Women at the highest genetic risk for fracture benefit the most from hormone therapy, according to a first-of-its-kind study led by researchers at the University at Buffalo.
The study included nearly 10,000 participants from the Women's Health Initiative (WHI), a national, long-term study of more than 150,000 women.
"We found that women who are genetically at the highest fracture risk can enjoy the greatest protection from fracture when they use hormone therapy," said Heather Ochs-Balcom, associate professor of epidemiology and environmental health in UB's School of Public Health and Health Professions, who led the research team.
The findings were published online ahead of print in the Journal of Clinical Endocrinology and Metabolism. The paper's first author, Youjin Wang, conducted the research as a doctoral candidate in epidemiology and environmental health at UB.
"This study provides a better understanding of who can benefit the most in terms of bone health from hormone therapy use," Ochs-Balcom said, adding that the results have implications for personalized medicine. "It's important information as women and their doctors make decisions about hormone therapy use."
The study, believed to be the first to investigate gene-hormone therapy interaction on fracture in postmenopausal white women, utilizes the largest set of known genes linked to fracture risk from a meta-analysis of genome-wide association studies.
Researchers looked at a subset of 9,922 women from among the more than 27,000 who had participated in WHI hormone therapy clinical trials. They wondered whether women who are more genetically susceptible to fractures could benefit from hormone therapy.
"This is important because, as previous WHI studies have identified, there are risks and benefits with hormone therapy," Ochs-Balcom said. "This is where precision or personalized medicine comes in -- the attempt to get the right drugs to the right person to ensure the most benefit and least harm."
As women age, their bone mineral density (BMD) decreases, leaving them at greater risk of breaking bones from falling, which also increases as they age. But some women also are more genetically prone to fractures. "Our study represents a first look at how inherited predisposition to fracture is related to hormone therapy use," said Ochs-Balcom, who also holds a faculty appointment in the Department of Genetics, Genomics and Bioinformatics in UB's Jacobs School of Medicine and Biomedical Sciences.
Wang notes that "further studies on gene-therapy interaction are warranted to evaluate the advantages of targeted interventions based on genetic profile." The research team is currently analyzing other gene-environment interactions and recently published another paper on the association of calcium plus vitamin D supplementation and genetic risk of fracture.

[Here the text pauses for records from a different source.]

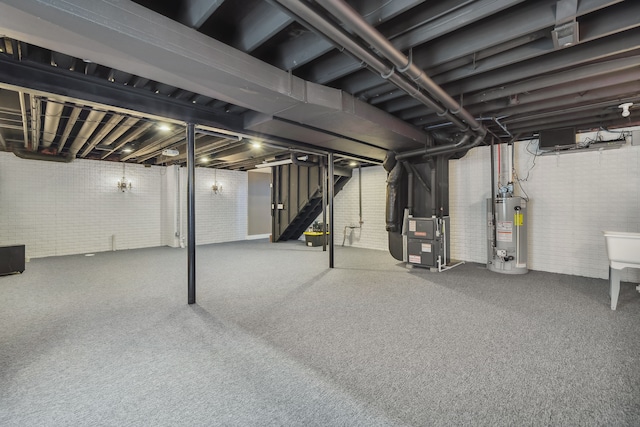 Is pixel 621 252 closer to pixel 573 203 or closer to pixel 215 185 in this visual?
pixel 573 203

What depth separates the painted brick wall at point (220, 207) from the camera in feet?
27.5

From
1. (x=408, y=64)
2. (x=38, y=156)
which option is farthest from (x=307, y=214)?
(x=408, y=64)

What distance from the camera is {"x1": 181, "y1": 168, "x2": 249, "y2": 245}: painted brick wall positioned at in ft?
27.5

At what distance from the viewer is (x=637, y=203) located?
13.4 feet

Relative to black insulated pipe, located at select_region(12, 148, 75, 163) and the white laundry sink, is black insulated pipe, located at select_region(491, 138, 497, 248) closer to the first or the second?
the white laundry sink

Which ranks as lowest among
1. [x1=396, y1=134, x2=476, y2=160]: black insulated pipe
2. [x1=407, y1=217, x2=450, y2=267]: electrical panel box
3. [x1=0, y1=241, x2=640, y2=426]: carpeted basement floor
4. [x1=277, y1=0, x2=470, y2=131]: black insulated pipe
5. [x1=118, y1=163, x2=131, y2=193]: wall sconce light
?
[x1=0, y1=241, x2=640, y2=426]: carpeted basement floor

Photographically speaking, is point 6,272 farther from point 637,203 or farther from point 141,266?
point 637,203

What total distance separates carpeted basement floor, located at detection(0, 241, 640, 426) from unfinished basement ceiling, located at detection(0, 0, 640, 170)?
84.8 inches

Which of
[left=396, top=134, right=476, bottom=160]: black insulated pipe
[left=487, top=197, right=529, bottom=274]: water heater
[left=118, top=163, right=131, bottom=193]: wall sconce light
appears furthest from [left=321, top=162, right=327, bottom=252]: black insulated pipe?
[left=118, top=163, right=131, bottom=193]: wall sconce light

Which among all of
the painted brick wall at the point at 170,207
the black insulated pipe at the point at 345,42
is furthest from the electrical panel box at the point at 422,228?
the painted brick wall at the point at 170,207

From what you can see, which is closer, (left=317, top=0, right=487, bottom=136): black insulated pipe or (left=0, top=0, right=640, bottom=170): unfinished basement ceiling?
(left=317, top=0, right=487, bottom=136): black insulated pipe

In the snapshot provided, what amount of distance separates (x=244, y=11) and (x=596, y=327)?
4.06m

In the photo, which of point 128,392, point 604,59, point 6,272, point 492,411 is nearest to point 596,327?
point 492,411

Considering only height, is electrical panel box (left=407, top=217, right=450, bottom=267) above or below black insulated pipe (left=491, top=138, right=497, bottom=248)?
below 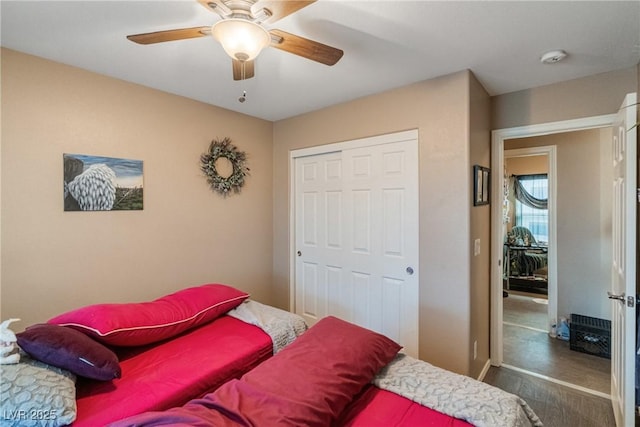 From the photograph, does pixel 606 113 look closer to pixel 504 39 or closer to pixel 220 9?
pixel 504 39

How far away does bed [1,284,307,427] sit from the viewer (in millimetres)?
1220

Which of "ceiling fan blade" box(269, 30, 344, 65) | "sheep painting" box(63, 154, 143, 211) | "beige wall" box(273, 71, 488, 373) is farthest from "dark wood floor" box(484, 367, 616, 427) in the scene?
"sheep painting" box(63, 154, 143, 211)

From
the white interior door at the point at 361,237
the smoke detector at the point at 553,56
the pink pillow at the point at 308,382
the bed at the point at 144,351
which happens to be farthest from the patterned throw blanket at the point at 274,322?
the smoke detector at the point at 553,56

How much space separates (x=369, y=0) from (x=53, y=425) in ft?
7.26

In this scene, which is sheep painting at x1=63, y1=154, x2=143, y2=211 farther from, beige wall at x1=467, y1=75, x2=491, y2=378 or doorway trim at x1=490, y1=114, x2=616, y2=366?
doorway trim at x1=490, y1=114, x2=616, y2=366

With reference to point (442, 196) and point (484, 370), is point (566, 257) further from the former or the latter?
point (442, 196)

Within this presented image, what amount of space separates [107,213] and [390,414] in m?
2.37

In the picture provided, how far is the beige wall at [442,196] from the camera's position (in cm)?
226

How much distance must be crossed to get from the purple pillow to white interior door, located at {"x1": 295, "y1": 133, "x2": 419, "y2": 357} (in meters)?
2.02

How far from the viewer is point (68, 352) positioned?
132cm

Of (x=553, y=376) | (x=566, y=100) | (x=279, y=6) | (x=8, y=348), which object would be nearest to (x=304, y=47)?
(x=279, y=6)

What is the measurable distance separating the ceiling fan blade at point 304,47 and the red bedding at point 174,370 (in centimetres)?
167

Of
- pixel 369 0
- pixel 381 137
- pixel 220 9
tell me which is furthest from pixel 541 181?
pixel 220 9

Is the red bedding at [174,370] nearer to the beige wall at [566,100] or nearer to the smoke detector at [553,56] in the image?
the smoke detector at [553,56] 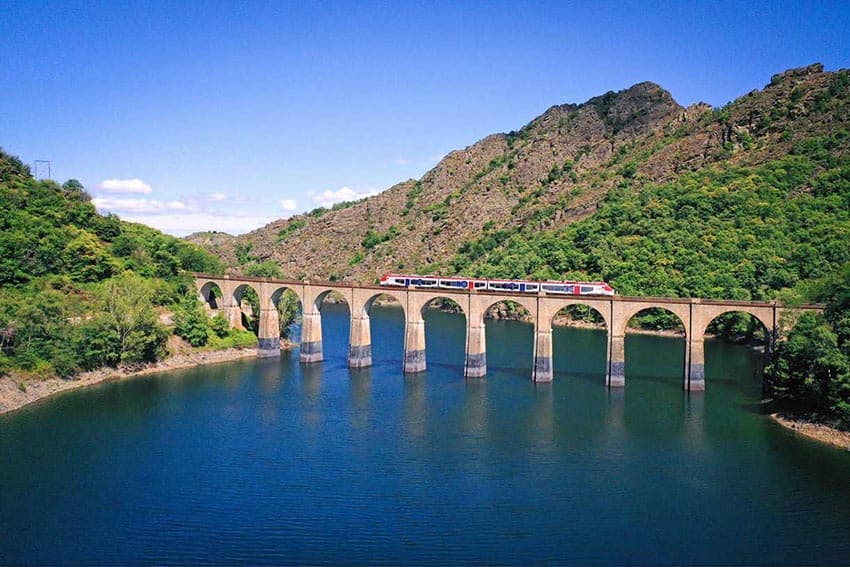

In addition to Wang and Ochs-Balcom, other UB co-authors include Jean Wactawski-Wende, dean of the School of Public Health and Health Professions and SUNY Distinguished Professor and professor of epidemiology and environmental health; and Leah Preus, Kathleen Hovey and Jing Nie from the School of Public Health and Health Professions.
Additional co-authors include Lara Sucheston-Campbell, Rebecca Jackson and Samuel Handelman, The Ohio State University; Rami Nassir, University of California, Davis; and Carolyn Crandall, University of California, Los Angeles.
The Women's Health Initiative began in 1991 and consisted of a set of clinical trials and an observational study. Combined, they included more than 161,000 generally healthy postmenopausal women aged 50 to 79.
One of 40 WHI centers nationwide, the University at Buffalo serves as the Northeast Regional Center, managing data collection and scientific coordination among nine WHI-affiliated institutions in the mid-Atlantic and Northeast regions. UB has received WHI extension funding to conduct follow-up studies on the original participants, many of whom are now between ages 67 and 100.